Problem to work on: Using the material below, print a verbatim copy of every line from the one containing "Creative Real dried Flower Drop Earrings" through the one containing "Pin's en métal", inclusive, and omit the pictures.

Data for processing:

*** Block opens ***

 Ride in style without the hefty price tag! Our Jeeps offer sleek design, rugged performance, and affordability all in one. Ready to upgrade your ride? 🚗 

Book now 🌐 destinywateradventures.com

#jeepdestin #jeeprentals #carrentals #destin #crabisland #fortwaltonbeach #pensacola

*** Block closes ***
*** Block opens ***

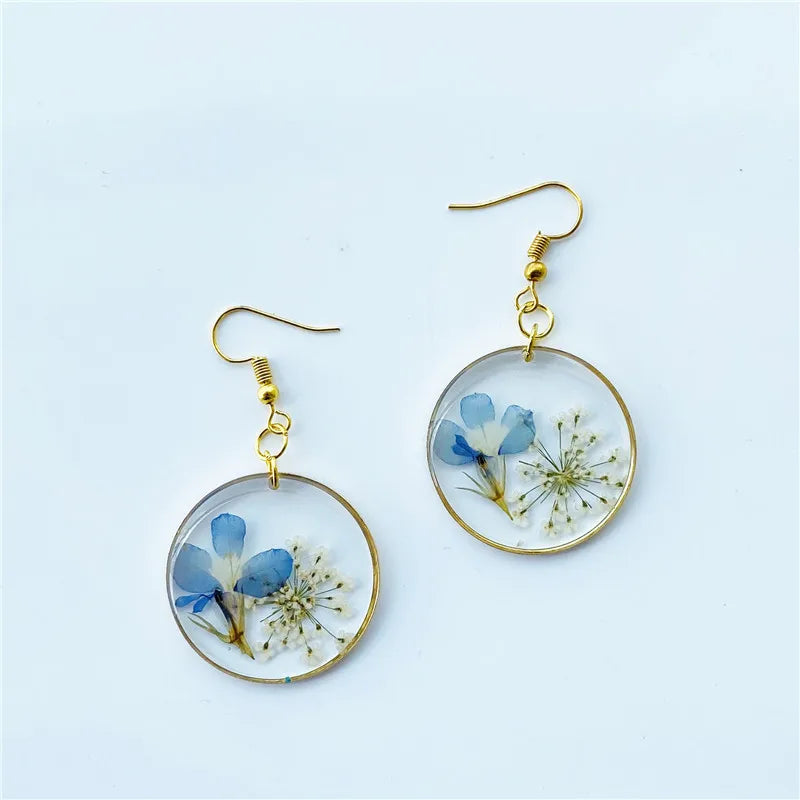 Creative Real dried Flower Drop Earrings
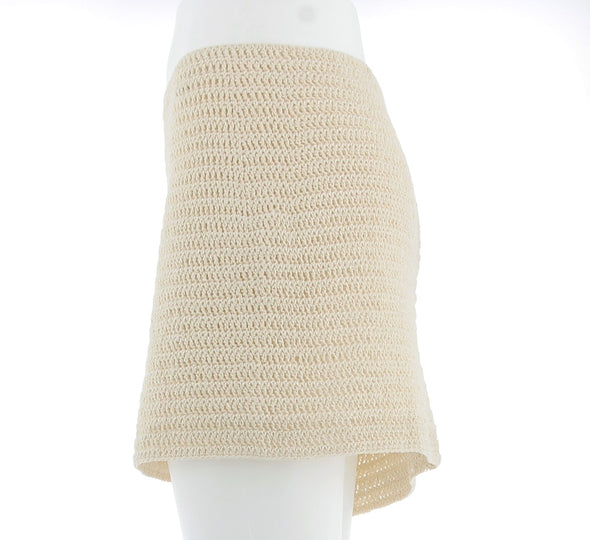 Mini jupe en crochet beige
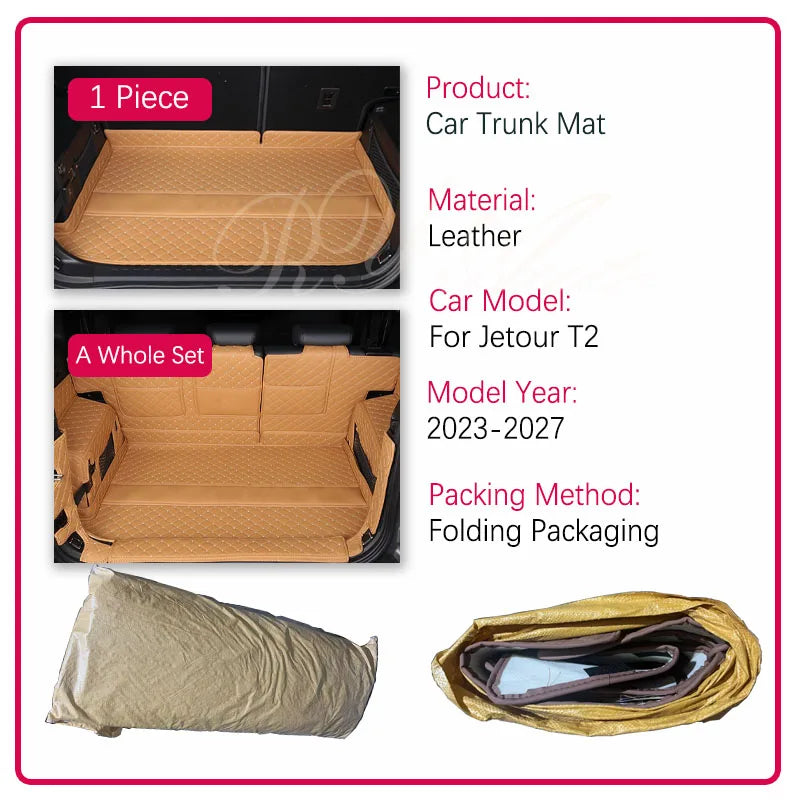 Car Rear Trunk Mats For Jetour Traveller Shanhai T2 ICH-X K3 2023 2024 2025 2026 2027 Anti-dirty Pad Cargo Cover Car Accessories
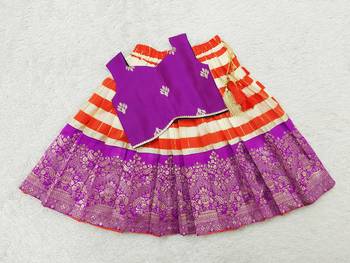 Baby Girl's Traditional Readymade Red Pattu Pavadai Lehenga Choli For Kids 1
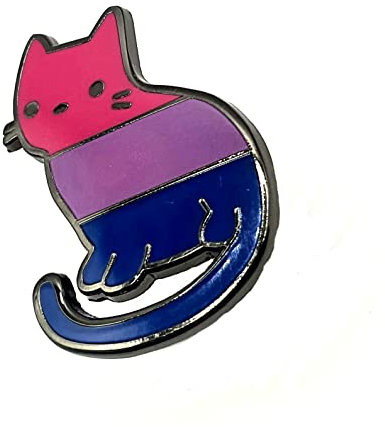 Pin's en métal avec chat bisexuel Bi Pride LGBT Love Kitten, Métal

*** Block closes ***
*** Block opens ***

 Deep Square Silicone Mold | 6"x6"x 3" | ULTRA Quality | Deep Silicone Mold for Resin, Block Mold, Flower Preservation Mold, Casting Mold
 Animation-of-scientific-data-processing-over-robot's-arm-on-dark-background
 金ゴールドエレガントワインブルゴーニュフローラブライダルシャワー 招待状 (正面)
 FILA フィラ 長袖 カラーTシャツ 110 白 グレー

*** Block closes ***

Exercise solution:
 Creative Real dried Flower Drop Earrings
 Mini jupe en crochet beige
 Car Rear Trunk Mats For Jetour Traveller Shanhai T2 ICH-X K3 2023 2024 2025 2026 2027 Anti-dirty Pad Cargo Cover Car Accessories
 Baby Girl's Traditional Readymade Red Pattu Pavadai Lehenga Choli For Kids 1
 Pin's en métal avec chat bisexuel Bi Pride LGBT Love Kitten, Métal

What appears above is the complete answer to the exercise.